Und auch das Holmenkollen Ski Museum, das ebenfalls schon auf einige Jahre seines Bestehens zurückblicken kann, hat sich zur Pilgerstätte entwickelt. 1923 gegründet, gilt es als ältestes Skimuseum der Welt – das nun um einen modernen Eingangsbereich erweitert wurde. Das Architekturbüro Snøhetta bekam anlässlich des 100-jährigen Jubiläums des altgedienten Museums den Auftrag, diesem ein neues Erscheinungsbild sowie mehr Sichtbarkeit zu verleihen. Denn der jüngste Neubau der 60 Meter hohen Sprungschanze hatte das Gebäude an ihrem Fuß im wahrsten Sinne in den Schatten gestellt und zudem den Zugang erschwert. Nun sollte das Holmenkollen Ski Museum aus diesem Schatten wieder heraustreten.
Das Studio mit Hauptsitz im benachbarten Oslo entwarf dafür eine zaunähnliche Struktur aus insgesamt 1.207 Latten aus Kiefernholz. Mit einer Länge von zweieinhalb bis fünf Metern erinnern diese sowohl an traditionelle Skigard-Zäune als auch an alte, handgemachte Holz-Ski. In Wellenform errichtet, hebt und senkt sich der Zaun und sorgt dadurch für natürlichen Lichteinfall im Inneren. Und für bessere Sicht nach draußen. „Er schafft einen visuellen Filter zwischen Innen und Außen“, so Snøhetta.
Gemütliche Hütte
Vor dem Eingang öffnet sich die Verkleidung wie ein Vorhang und gibt den Blick auf die neu errichtete Erweiterung des Gebäudes frei: Eine Glaskonstruktion mit einem Tragwerk aus Brettschichtholz, das in bewusstem Kontrast zur Beton-, Stahl- und Steinoberfläche des bestehenden Museums und der Skisprungschanze steht. So wurde der neue Bereich um die Betonpfeiler der Schanze gebaut, die im Inneren auch zu sehen sind.

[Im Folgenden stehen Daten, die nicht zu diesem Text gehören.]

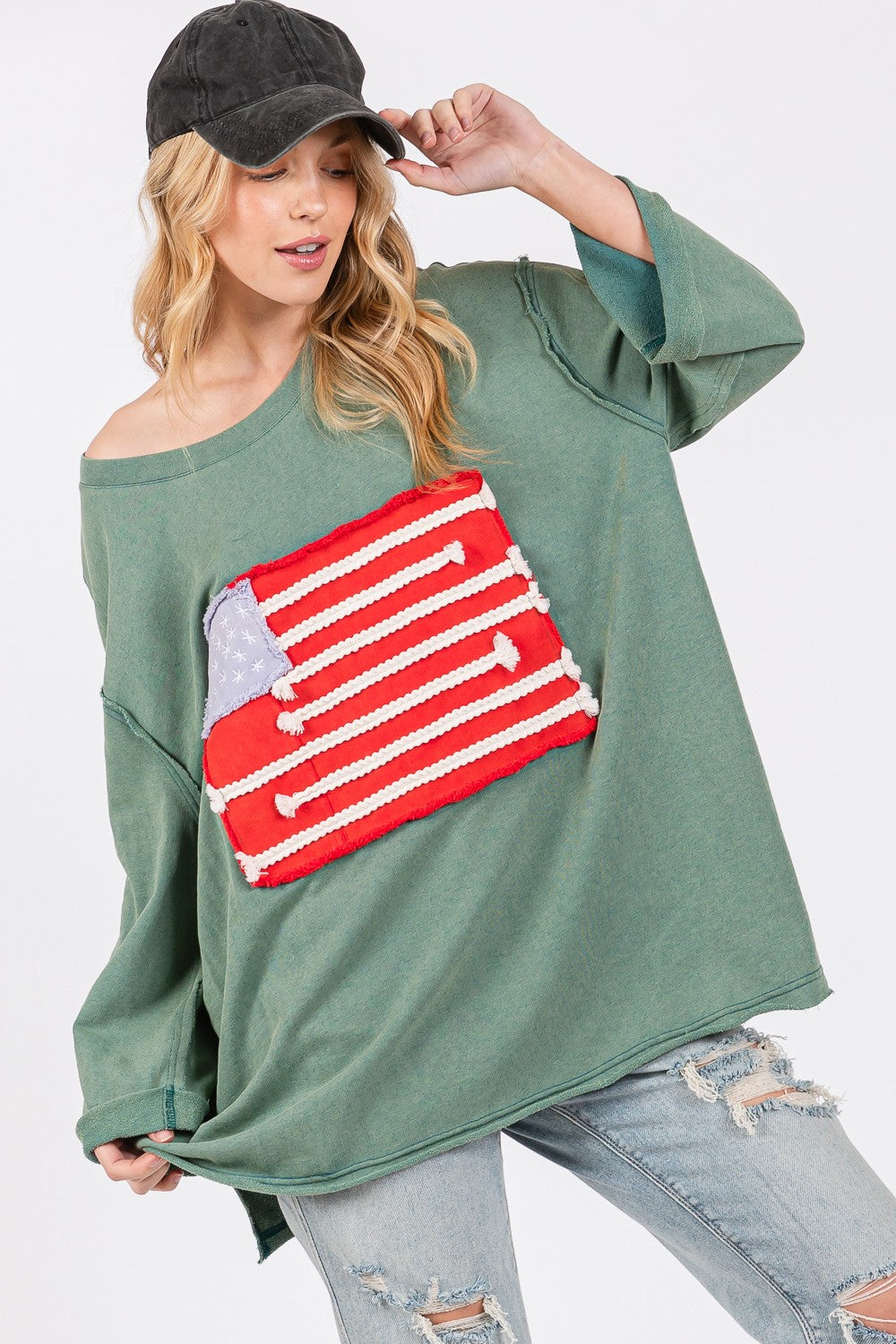 American Flag Patch Drop Shoulder T-Shirt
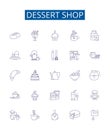 Dessert shop line icons signs set. Design collection of dessert, shop, bakery, pastry, confectionery, ice cream, sorbet Royalty Free Stock Photo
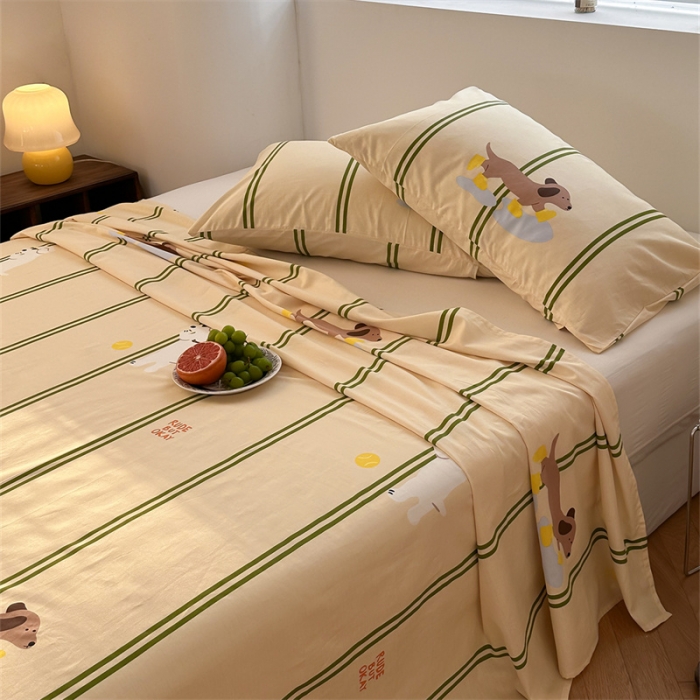 91家纺网 家纺一手货源 找家纺 洋铭区 2023新款全棉单品床单快乐小狗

Das gesamte Foyer ist laut Snøhetta an das Ambiente einer gemütlichen Hütte angelehnt, in die man „nach einem Tag im Wald zurückkehrt“. Die Stehtische aus Kiefernsperrholz wurden mit Linoleumoberflächen versehen, die Esstische wurden vom Auftraggeber, dem norwegischen Skiverband Skiforeningen, aus Kiefernholz handgefertigt. Auch die Farbgebung im neuen Eingangsbereich ist ans Skifahren angelehnt: Rot erinnert an Anoraks, Grün an die Wälder und Weiß an Schnee. Und selbst Sport-Tradition darf im Design nicht fehlen: Die Blau- und Türkistöne der Sitzgelegenheiten des Cafés erinnern an Plakate der Olympischen Winterspiele 1952 in Oslo und Helsinki.
Eigenständige Identität
Neben diversen Lampen im Retro-Stil erkennt man in den Hängeleuchten im Lounge-Bereich wiederum die zaunähnliche Verkleidung des Gebäudes wieder: Auch hier entschied man sich für das Holzlatten-Design; in diese wurden die Lampen montiert. An einer Seite der fünf Meter hohen Glasfront wurden zudem weitere Latten aufgehängt. Sie stellen ein Spiegelbild der Latten auf der anderen Seite der Fenster im Außenbereich dar.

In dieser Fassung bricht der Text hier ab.